■ **Brief**:
Line by line, output everything from the one that contains "休閒高腰垂感直筒運動褲(3色)" through the end of the material below, exactly as written and with no pictures.

■ **Provided data**:
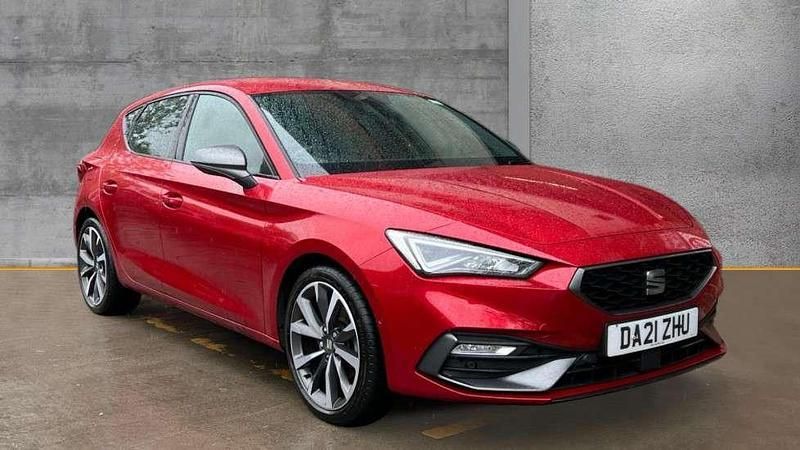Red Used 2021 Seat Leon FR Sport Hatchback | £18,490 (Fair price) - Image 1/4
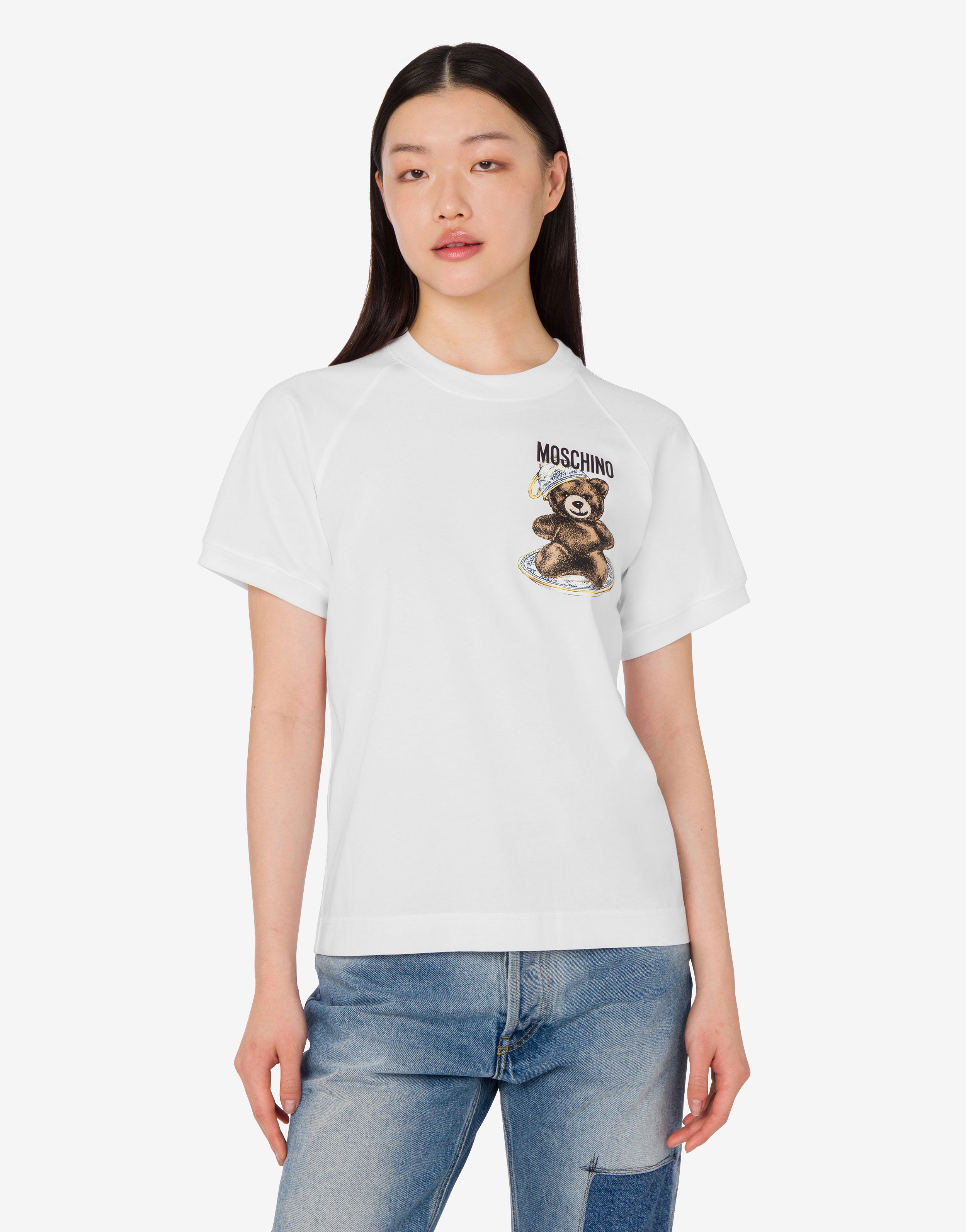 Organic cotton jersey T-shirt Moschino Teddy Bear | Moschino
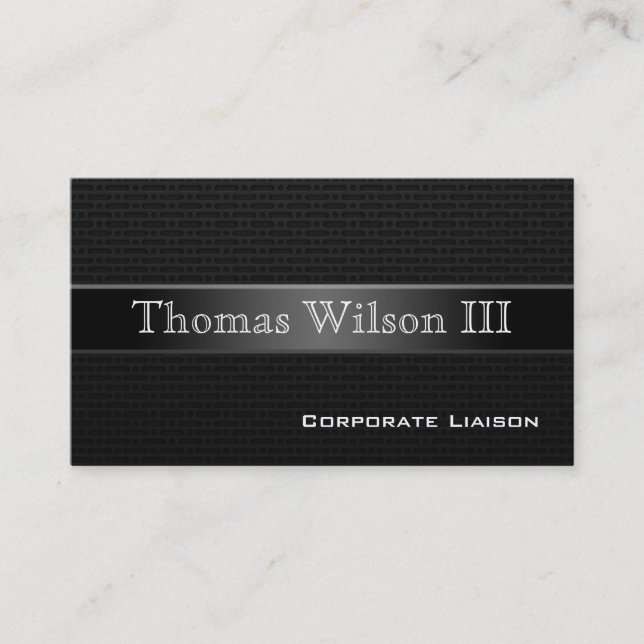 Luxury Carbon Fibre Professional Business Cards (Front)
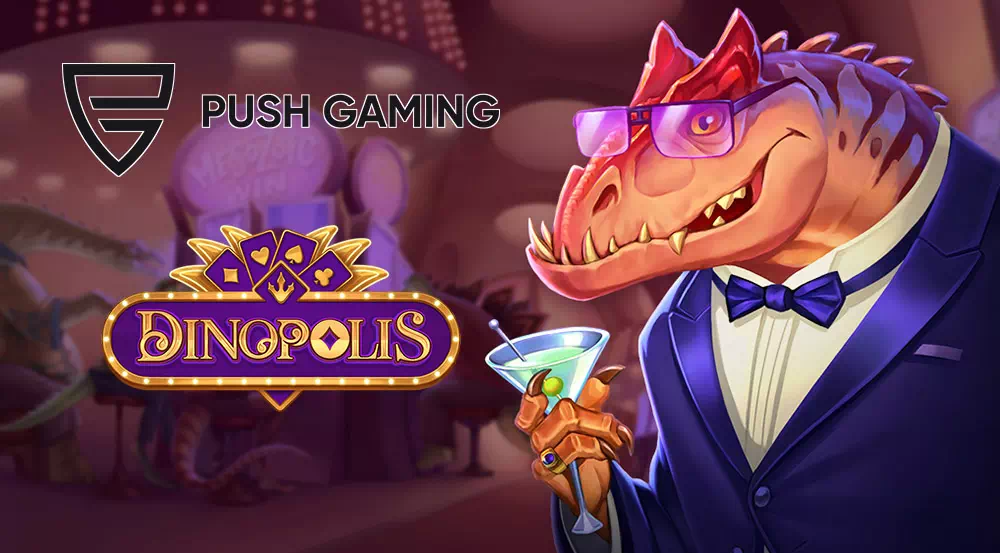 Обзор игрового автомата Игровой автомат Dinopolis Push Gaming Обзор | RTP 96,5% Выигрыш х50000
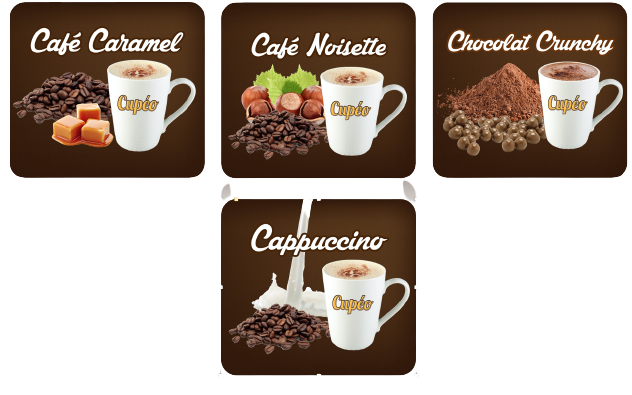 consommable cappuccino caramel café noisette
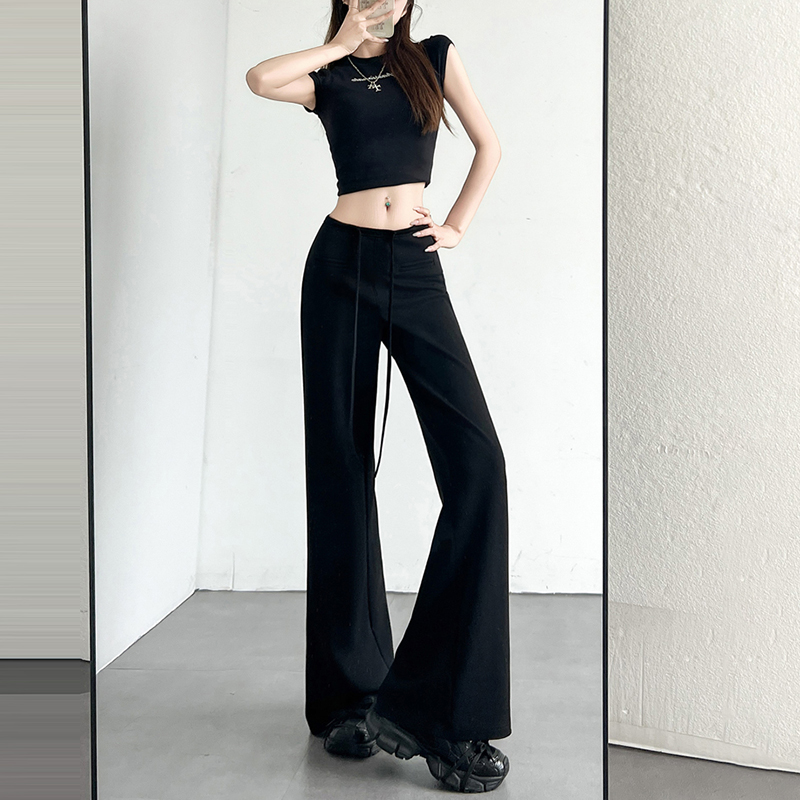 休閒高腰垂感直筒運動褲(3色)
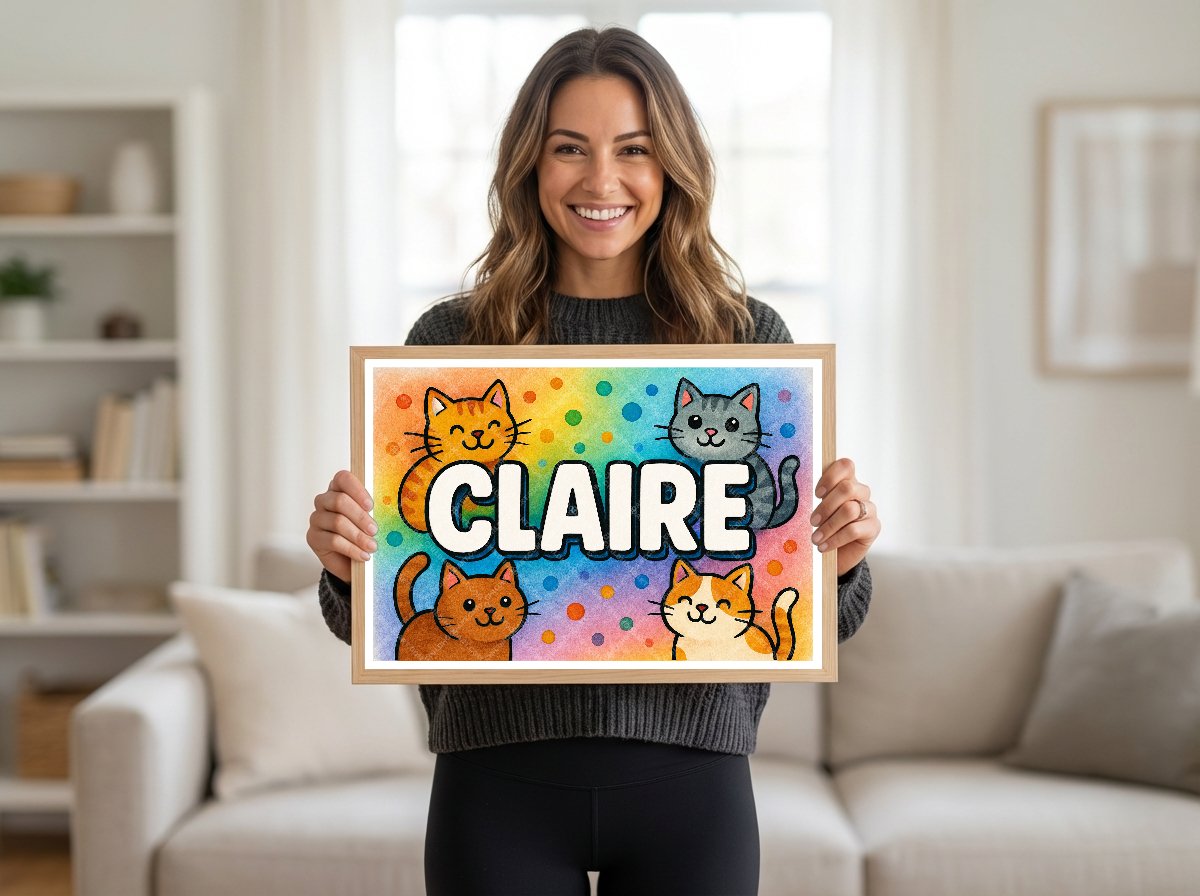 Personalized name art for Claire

■ **Task solution**:
 休閒高腰垂感直筒運動褲(3色)
 Personalized name art for Claire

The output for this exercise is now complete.